A short primer on the Chinese economy is a useful antidote to the doom-mongers, argues BEN CHACKO
Will China’s Economy Collapse?
by Ann Lee
THIS short primer on threats to the Chinese economy is a useful antidote to predictions that the country is headed for an economic “hard landing.”
Every slowdown in the growth of China’s GDP is seized on by excitable Western journalists as a sign that the wheels are about to come off after nearly four decades of spectacular expansion.
No matter that the Chinese government not only plans for slower growth but has actively applied the brakes to the economy in recent years, both for environmental reasons and to hold back the growth of asset bubbles in the property market.
Nor that China’s current growth rate (6.7 per cent last year) continues to put most of the world’s to shame.
Ann Lee looks at the issues that some say will sink the Chinese boat, from shadow banking and high corporate debt to some of the dubious financial models used by local government to fund development.
But in each case she demonstrates why China is actually at far less risk than Western economies. Most Chinese debt is held within the country, giving the government greater control over handling any default, while strict capital controls prevent mass capital flight.
“Experts” from the World Trade Organisation constantly badger the Chinese to “liberalise” their financial systems and privatise much of the enormous public sector.
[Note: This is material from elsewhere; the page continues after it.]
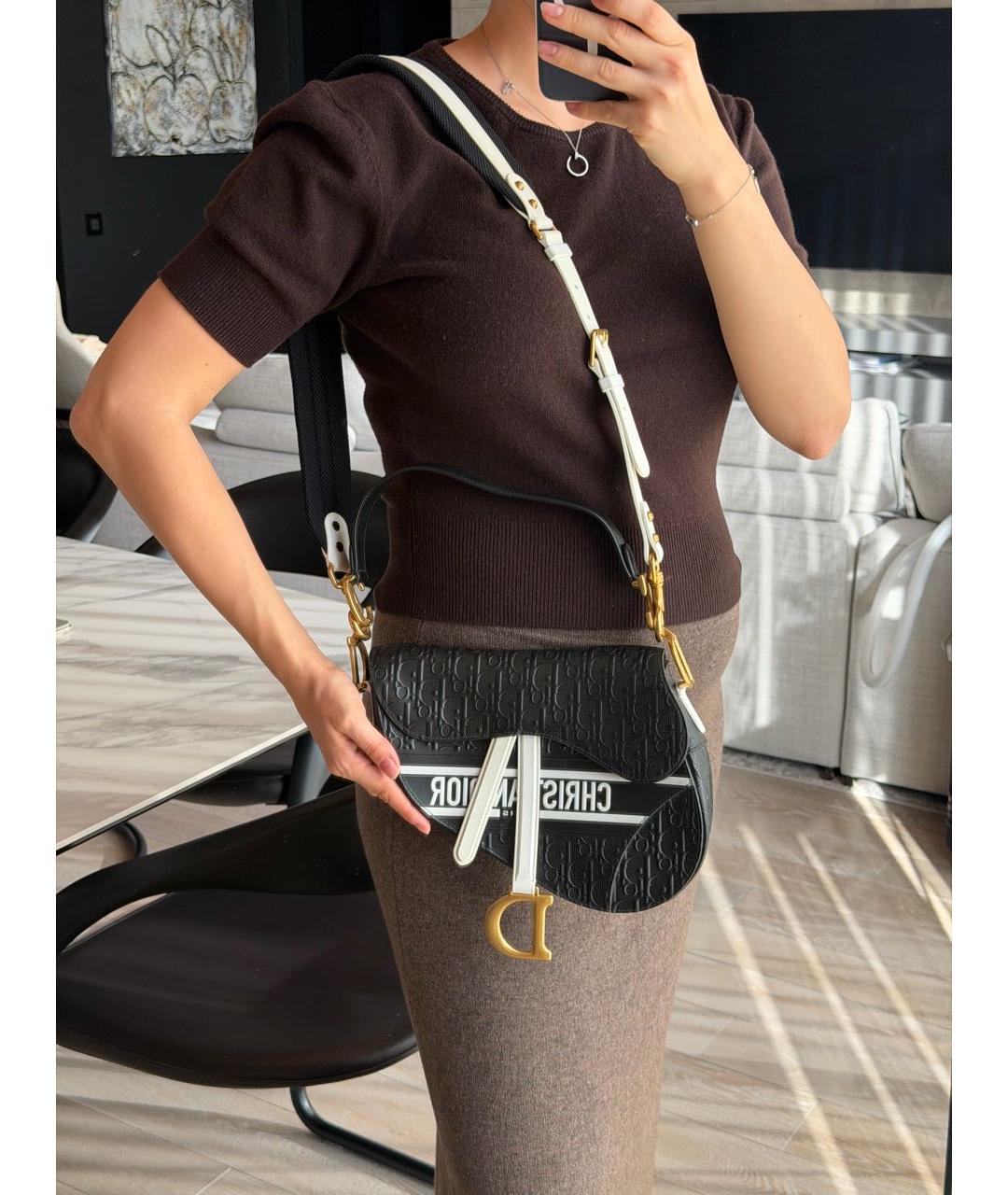 CHRISTIAN DIOR Черная кожаная сумка через плечо, фото 6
But as Lee points out, the fact that China’s banks are publicly accountable is one of the system’s greatest strengths, preventing the sort of crash that hit the West in 2008 since Beijing was able to stop reckless speculation and — crucially — order banks to lend and invest when and where the need arose.
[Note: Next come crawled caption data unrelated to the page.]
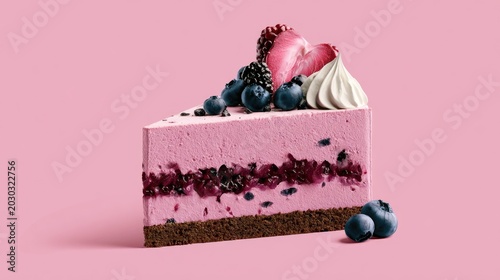 Delicious Pink Berry Cheesecake Slice with Fresh Blueberries and Strawberries on Pink Background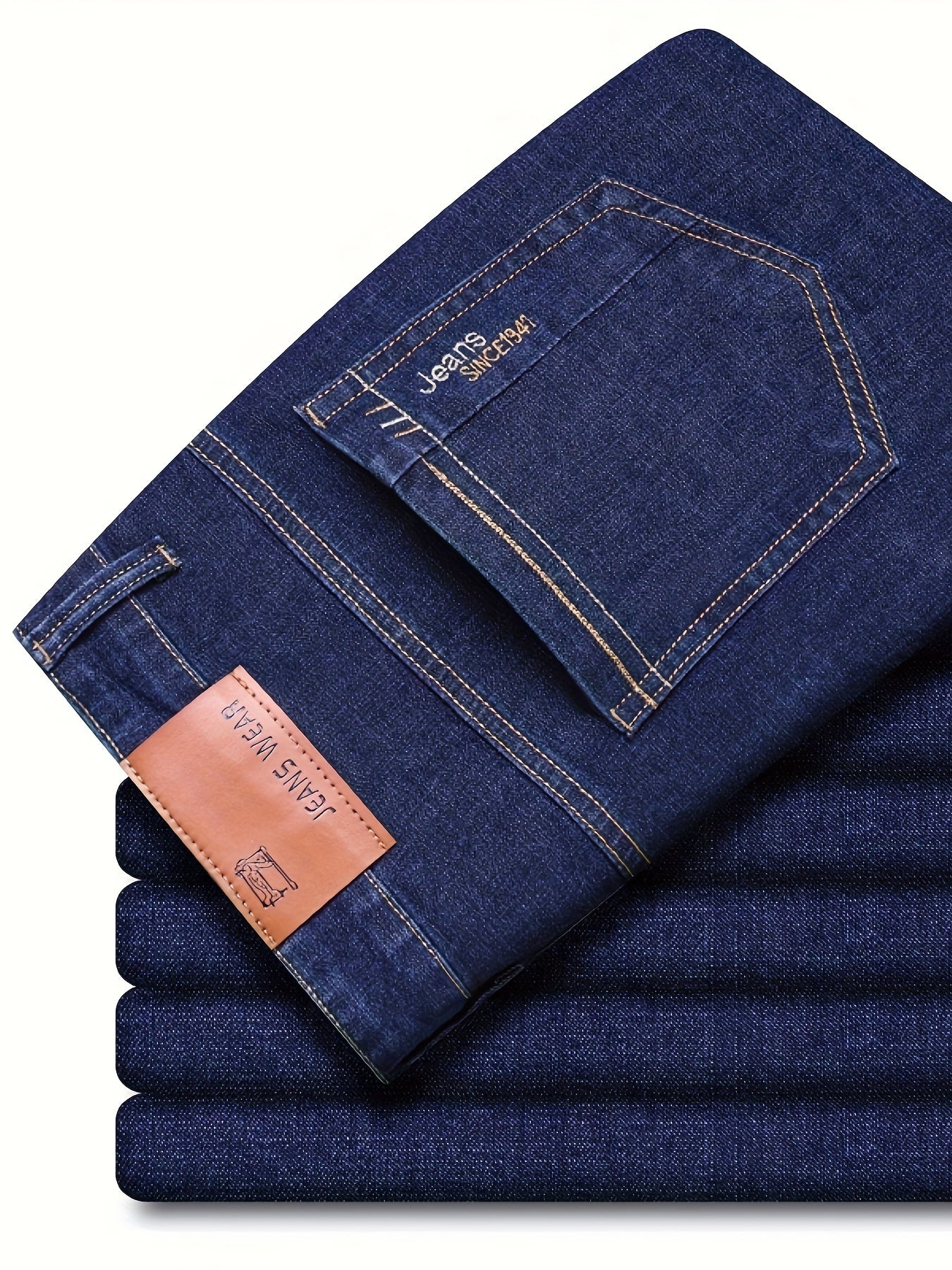 Erkaklar uchun klassik barcha mavsumli denim jinsi shimlar, odatdagi kesim, 50% paxta, 30% polyester, 18.5% viskoza, 1.2% spandeks, bir xil rang, yuvilgan, ozgina cho'ziladigan, fermuarli, 350g/m² mato og'irligi, asosiy.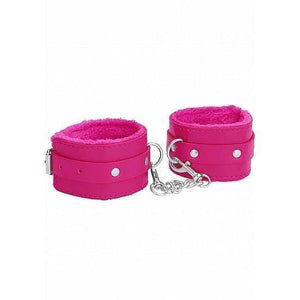 Shots Ouch! Premium Plush Leather Adjustable Ankle Cuffs Pink - Romantic Blessings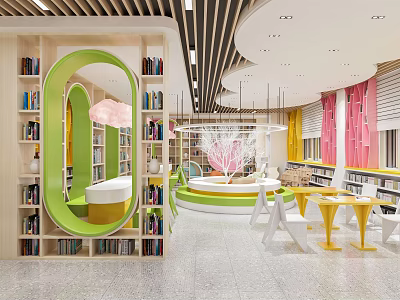 Vibrant Book Art Space With Modern Design Colorful Bookshelves Reading Area And Chairs 3d model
“The recommendation that China needs to step up financial market reforms is self-serving on the part of those who have Wall Street interests,” she notes.
As for the pressure to privatise, she observes drily that “private ... firms are not necessarily better at managing assets.”
Lee doesn’t always convince. Her apparent belief that China experienced “full communism” under Mao will not be shared by many Marxist economists, and she underplays the threat of war between China and the United States with a recklessly aggressive new president in the Oval Office.
But these lapses of judgement are rare, and it becomes evident that it is not China which is unsustainable, but global capitalism, since “workers’ endeavour and productivity need to be tied to reward” — something she recognises no longer happens in the West.
“We need to find a more sustainable model in which each person is valued for what they can contribute and the diversity of the world’s resources is valued more than the acquisition of money,” she muses at the end. Indeed we do.